Qual è il rischio che si cela dietro l’angolo dell’analista?

L’angolo cieco che non vede sé stesso, e spesso per la presunzione di conoscersi abbastanza. Questo vuol dire proiettare sugli altri, analizzanti e no, le nostre credenze. Anche qui, il dubbio metodico filosofico non deve essere rifiutato, al contrario, deve essere rafforzato e reso più aderente al nostro tempo attraverso la pratica analitica.

Per Thomas Ogden ci vogliono due persone per pensare, ma sono davvero soltanto due le persone che si incontrano durante la seduta?

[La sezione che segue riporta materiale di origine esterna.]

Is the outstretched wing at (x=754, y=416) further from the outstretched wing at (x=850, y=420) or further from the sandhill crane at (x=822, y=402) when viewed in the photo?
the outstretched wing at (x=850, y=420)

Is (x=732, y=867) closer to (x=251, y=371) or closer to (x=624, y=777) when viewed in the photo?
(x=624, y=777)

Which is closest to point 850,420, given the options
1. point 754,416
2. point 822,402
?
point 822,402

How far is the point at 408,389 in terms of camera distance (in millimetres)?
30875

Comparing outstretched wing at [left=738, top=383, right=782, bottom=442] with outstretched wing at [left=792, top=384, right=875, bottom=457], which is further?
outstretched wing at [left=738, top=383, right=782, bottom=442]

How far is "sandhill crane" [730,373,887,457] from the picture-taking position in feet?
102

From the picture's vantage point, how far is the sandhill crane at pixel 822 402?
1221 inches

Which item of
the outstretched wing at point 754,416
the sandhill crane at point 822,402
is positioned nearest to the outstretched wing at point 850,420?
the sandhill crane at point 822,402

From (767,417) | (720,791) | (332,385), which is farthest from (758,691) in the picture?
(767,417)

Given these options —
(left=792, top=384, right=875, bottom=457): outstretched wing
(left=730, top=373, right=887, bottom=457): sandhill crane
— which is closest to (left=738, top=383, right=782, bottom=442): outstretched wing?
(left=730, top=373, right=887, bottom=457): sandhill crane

Per carità. Noi siamo costitutivamente il nostro mondo: la società e la cultura per prime, nelle quali soltanto si può capire il dramma familiare, e poi la nostra formazione, gli incontri, con i vivi e con i morti, attraverso le tradizioni e i documenti del passato. Credere che esistano persone indipendenti da tutto questo è già stare, senza saperlo, in una posizione falsa. In una inconscia epistemologia egoica: proprio quello che, per la filosofia come modo di vivere, bisogna oltrepassare, trascendere: andare al di là della supposta centralità dell’io e dei propri interessi egoistici – o del cattivo narcisismo – questa è la finalità degli esercizi filosofici. E noi diciamo: questa è anche la finalità dell’analisi biografica.

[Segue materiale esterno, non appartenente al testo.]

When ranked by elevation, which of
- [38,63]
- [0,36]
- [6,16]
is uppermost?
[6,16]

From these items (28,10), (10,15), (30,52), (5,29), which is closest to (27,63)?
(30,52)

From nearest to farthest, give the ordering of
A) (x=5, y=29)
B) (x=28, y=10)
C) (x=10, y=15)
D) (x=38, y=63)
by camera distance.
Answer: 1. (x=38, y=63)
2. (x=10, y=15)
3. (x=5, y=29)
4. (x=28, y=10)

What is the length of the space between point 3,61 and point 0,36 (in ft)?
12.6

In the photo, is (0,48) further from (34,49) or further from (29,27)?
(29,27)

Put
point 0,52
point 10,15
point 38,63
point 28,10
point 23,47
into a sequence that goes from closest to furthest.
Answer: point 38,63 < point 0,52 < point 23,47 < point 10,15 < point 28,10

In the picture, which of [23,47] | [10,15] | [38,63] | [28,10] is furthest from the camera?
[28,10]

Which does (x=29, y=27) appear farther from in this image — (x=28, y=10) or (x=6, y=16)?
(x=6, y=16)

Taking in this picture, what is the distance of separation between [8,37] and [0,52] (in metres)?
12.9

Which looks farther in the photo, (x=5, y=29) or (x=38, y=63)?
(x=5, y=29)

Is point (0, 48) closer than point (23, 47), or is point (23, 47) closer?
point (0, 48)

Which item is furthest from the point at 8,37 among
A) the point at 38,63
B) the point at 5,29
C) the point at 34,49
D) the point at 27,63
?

La sfera della sessualità è sempre al centro dell’analisi o c’è altro?

La sessualità è tanto più importante quanto più è più facile attraverso le sue figure, far entrare in scena i nostri doppi impresentabili e confrontarli con le nostre maschere sociali. Ma oggi è stata sdoganata ogni possibile variazione sul tema. La liceità di ogni voglia è diventata legge del nostro comportamento, l’ho chiamato “licitazionismo”, come caratteristica fondamentale della cultura della nostra epoca. E quindi anche la sessualità va interrogata più a fondo. Ma qualsiasi “nascondimento” ci parla dell’altra parte, di quella che ci disturba e ci interpella. Possono essere i soldi o la malinconia indicibile del vivere  o… o … Ogni gesto, ogni parola, ogni incontro può essere occasione di rivelazione dell’altro, meglio degli altri e dell’Altro in noi e fuori di noi. Che non è il fine della ricerca, ma certamente il suo imprescindibile inizio. All’inizio, al centro e alla fine c’è sempre la ricerca del senso, il confronto con i controsensi e il nonsenso, il desiderio di un senso capace di accettarli, contenerli e superarli. La sessualità è un magnifico e tremendo teatro di tutto questo, per chi voglia avere occhi per guardare e orecchie per ascoltare.